Congressman Steve King (R-IA) admitted that he talks to children of all grade levels, including Kindergartners, about abortion. He said:
I often go into a high school auditorium or meet with people at even the K-through-12 level in their entirety, and I will tell them: “You will be asked to answer one of the most profound moral questions of our age and that is where do you stand on the abortion issue. And you need to only ask and answer two questions. The first question is do you believe that human life is sacred in all of its forms. Is the person sitting to your left and to your right and everyone in this room, is their life sacred?” And they’ll nod their heads.
Yes, which would mean they're pro-choice. Anti-choicers certainly don't see the life of the pregnant woman as sacred, since they see her death in childbirth or suicide as no great loss to humanity. Needless to say, that's not age-appropriate. It's also a stupid argument to make, and it's why I hate it when men and self-righteous teens are asked about this very profound moral question.
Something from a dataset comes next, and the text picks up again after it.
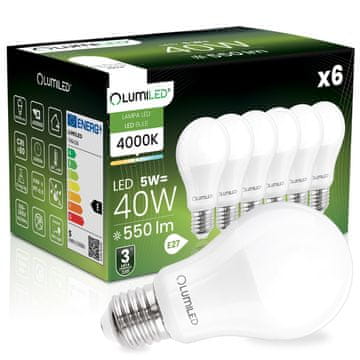 LUMILED 6x LED žarulja E27 A60 5W = 40W 550lm 4000K Neutralna 260° osvjetljenje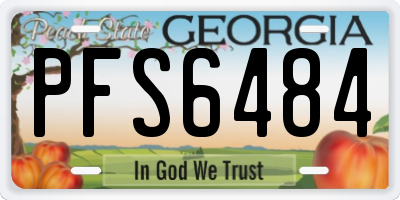 GA license plate PFS6484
Men in particular can have a really nice philosophical debate about abortion, because they don't experience abortion in the slightest, and they never will. Men might like to think that they experience it in the same way that women do, but that's because they're really stupid assholes who believe their superior man-brains and powerful imaginations can make them feel that way. The point is, the only person who can answer that question honestly is the woman experiencing the pregnancy and making the decision herself. It's really easy to say "I believe all life is sacred," or even, "Abortion is a morally acceptable decision all the time," and all of that philosophy flies out the window once she sees a plus sign on the pregnancy test. Oops. So to even pose that question to students who are too young to experience pregnancy or make a moral judgment is totally age-inappropriate and a bit brain-washy.